Crawled caption data:
▶
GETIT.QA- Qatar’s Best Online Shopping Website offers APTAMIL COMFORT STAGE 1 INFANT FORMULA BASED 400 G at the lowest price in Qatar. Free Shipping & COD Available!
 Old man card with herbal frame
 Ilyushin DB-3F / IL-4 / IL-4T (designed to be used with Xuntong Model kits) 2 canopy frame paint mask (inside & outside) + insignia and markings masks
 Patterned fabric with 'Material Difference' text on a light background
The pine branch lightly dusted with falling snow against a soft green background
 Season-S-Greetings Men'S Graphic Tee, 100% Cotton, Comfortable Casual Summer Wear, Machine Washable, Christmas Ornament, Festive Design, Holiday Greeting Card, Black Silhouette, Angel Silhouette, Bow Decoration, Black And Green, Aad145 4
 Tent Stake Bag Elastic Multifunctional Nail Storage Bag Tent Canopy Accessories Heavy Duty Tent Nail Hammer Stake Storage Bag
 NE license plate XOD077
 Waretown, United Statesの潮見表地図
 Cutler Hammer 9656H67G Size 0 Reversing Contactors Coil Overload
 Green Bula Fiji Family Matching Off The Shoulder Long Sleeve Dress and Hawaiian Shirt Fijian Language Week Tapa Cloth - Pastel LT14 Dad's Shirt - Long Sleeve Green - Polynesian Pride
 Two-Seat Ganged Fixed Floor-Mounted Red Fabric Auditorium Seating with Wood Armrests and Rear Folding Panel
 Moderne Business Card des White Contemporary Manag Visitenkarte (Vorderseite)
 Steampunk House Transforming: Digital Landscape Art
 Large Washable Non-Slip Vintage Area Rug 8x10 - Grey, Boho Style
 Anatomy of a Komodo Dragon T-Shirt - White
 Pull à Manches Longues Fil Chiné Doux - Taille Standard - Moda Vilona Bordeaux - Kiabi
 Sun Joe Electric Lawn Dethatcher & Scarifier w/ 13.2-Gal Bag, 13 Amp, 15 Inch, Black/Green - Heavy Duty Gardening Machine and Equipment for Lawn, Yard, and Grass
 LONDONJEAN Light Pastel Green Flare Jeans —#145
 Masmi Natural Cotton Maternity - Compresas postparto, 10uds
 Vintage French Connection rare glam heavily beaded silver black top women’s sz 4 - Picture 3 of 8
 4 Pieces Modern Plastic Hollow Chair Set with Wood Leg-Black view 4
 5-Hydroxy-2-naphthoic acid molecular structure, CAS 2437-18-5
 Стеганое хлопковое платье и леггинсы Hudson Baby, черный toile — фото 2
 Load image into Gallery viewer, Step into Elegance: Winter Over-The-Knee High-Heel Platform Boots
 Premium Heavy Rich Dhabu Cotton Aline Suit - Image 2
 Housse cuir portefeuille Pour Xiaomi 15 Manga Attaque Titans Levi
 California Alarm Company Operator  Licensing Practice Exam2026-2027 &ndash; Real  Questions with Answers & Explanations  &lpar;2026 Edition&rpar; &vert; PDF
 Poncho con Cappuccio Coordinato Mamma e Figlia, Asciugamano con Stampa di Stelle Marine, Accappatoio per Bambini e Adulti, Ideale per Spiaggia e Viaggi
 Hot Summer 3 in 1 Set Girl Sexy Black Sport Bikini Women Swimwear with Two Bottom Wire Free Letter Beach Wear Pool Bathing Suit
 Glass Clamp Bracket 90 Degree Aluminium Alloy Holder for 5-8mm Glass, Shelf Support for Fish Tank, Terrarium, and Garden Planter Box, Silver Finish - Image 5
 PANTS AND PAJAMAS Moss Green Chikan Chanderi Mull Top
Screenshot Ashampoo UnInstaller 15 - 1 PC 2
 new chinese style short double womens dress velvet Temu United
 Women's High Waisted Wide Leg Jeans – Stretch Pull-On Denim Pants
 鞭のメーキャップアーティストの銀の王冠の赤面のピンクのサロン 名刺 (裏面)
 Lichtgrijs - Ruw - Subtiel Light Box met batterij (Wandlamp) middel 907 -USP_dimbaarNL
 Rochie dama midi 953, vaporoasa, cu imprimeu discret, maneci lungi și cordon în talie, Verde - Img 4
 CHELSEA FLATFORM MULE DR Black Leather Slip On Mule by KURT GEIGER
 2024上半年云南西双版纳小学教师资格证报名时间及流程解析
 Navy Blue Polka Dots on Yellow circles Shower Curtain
◀
- [Requirement] Your answer should be only a number: how many lines of the data above contain the string "United"?

- [Output of the exercise] 2